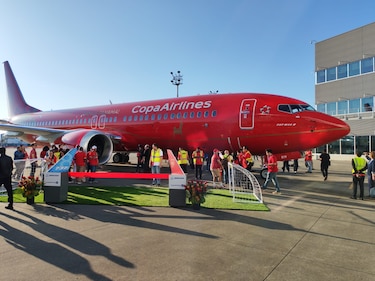 Así es el Boeing 737 MAX 8 que llevará a Panamá al Mundial 2026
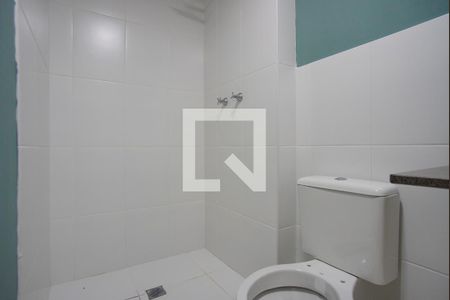 Banheiro da Suíte de apartamento à venda com 2 quartos, 52m² em Farrapos, Porto Alegre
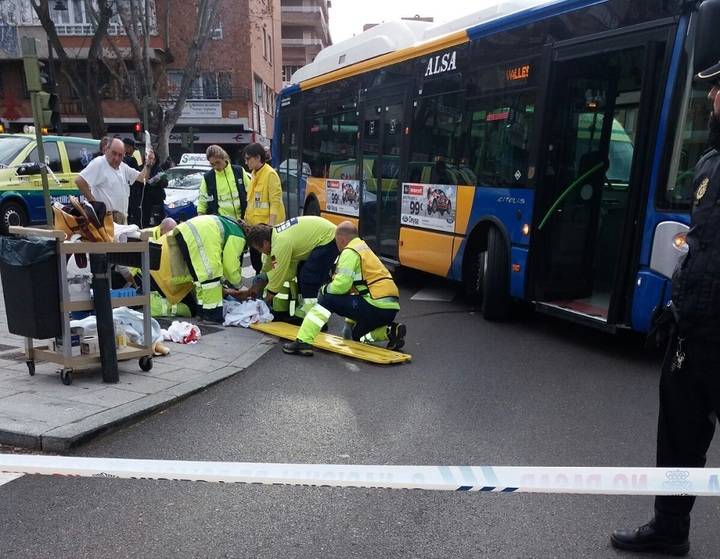 Grave atropello de un autobús urbano a una anciana en pleno centro de Guadalajara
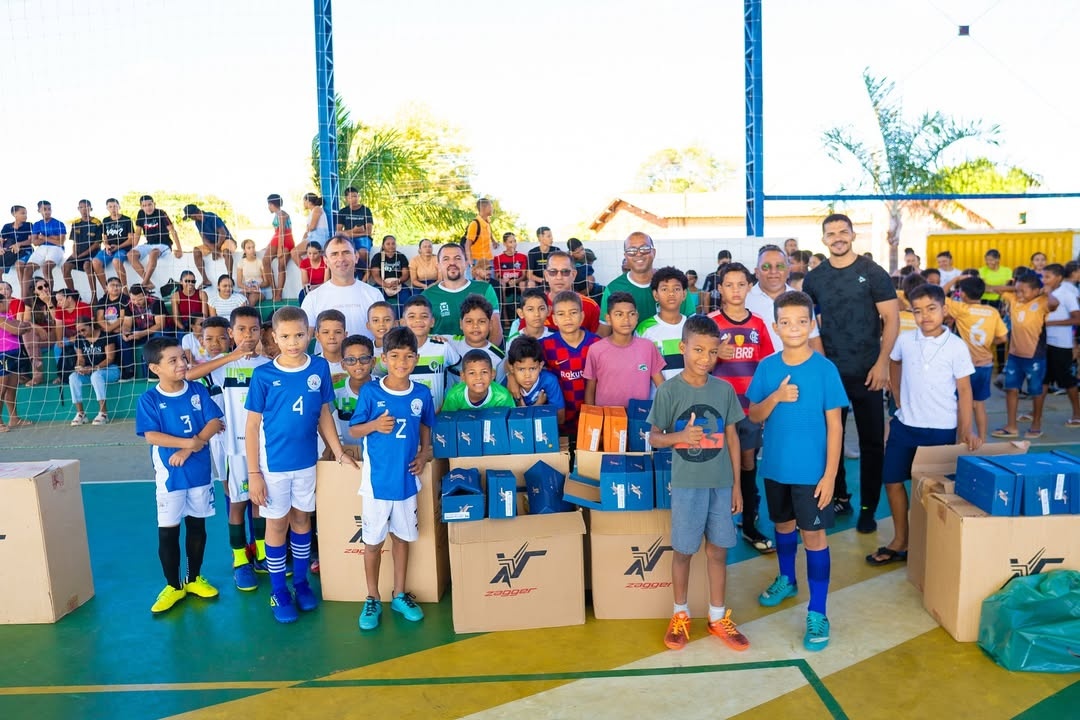 Atletas de Colônia do Piauí recebem chuteiras durante campeonato estudantil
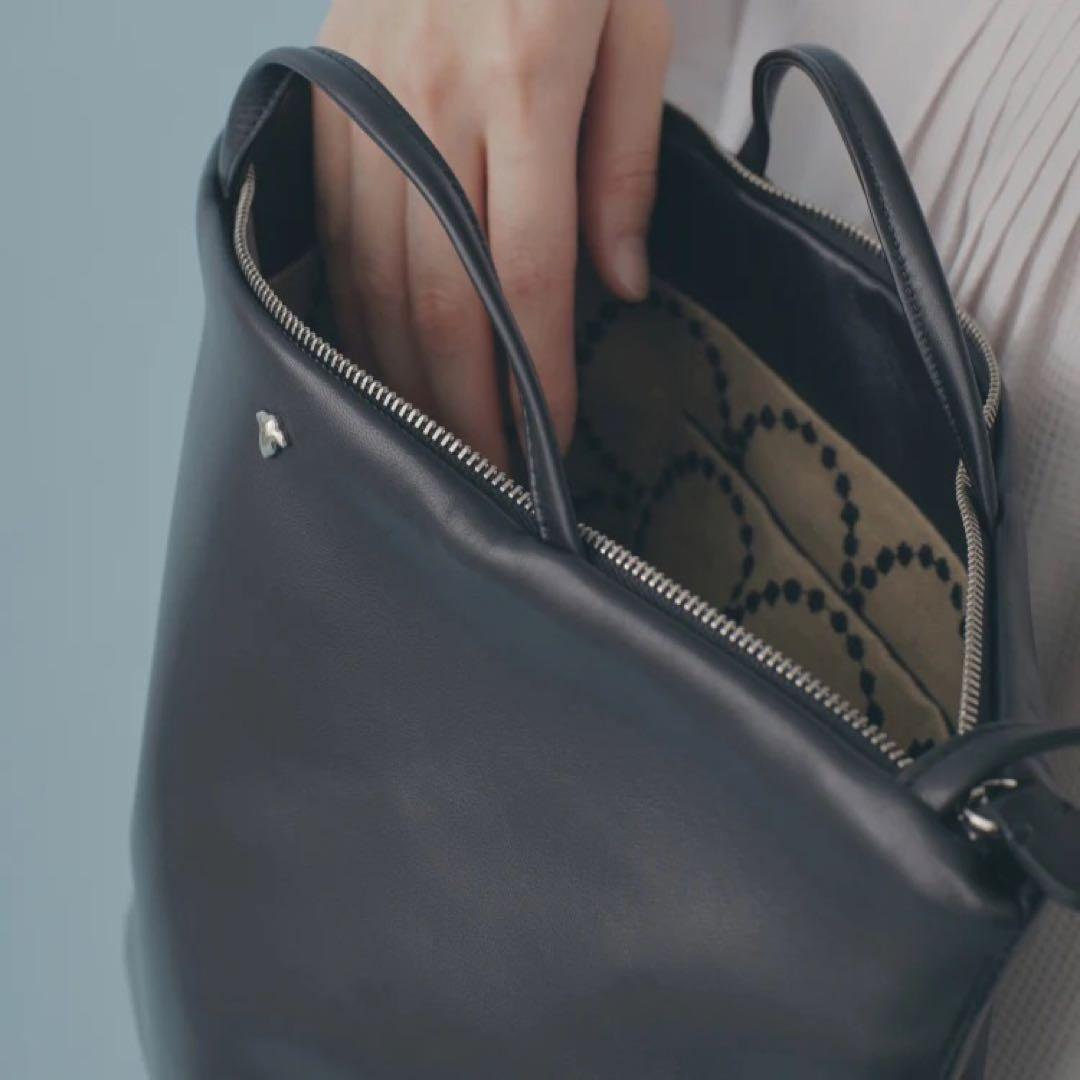 ✨新品✨24ss✨ミナペルホネン✨kostea✨タンバリン✨レザーバッグ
++++++++++++++++++++
#### What the exercise asks:
From the line with "Banheiro da Suíte" through the final line of the data above, copy everything exactly, both ends included, but not the pictures.

#### Response area:
 Banheiro da Suíte de apartamento à venda com 2 quartos, 52m² em Farrapos, Porto Alegre
 Grave atropello de un autobús urbano a una anciana en pleno centro de Guadalajara
 Atletas de Colônia do Piauí recebem chuteiras durante campeonato estudantil
 ✨新品✨24ss✨ミナペルホネン✨kostea✨タンバリン✨レザーバッグ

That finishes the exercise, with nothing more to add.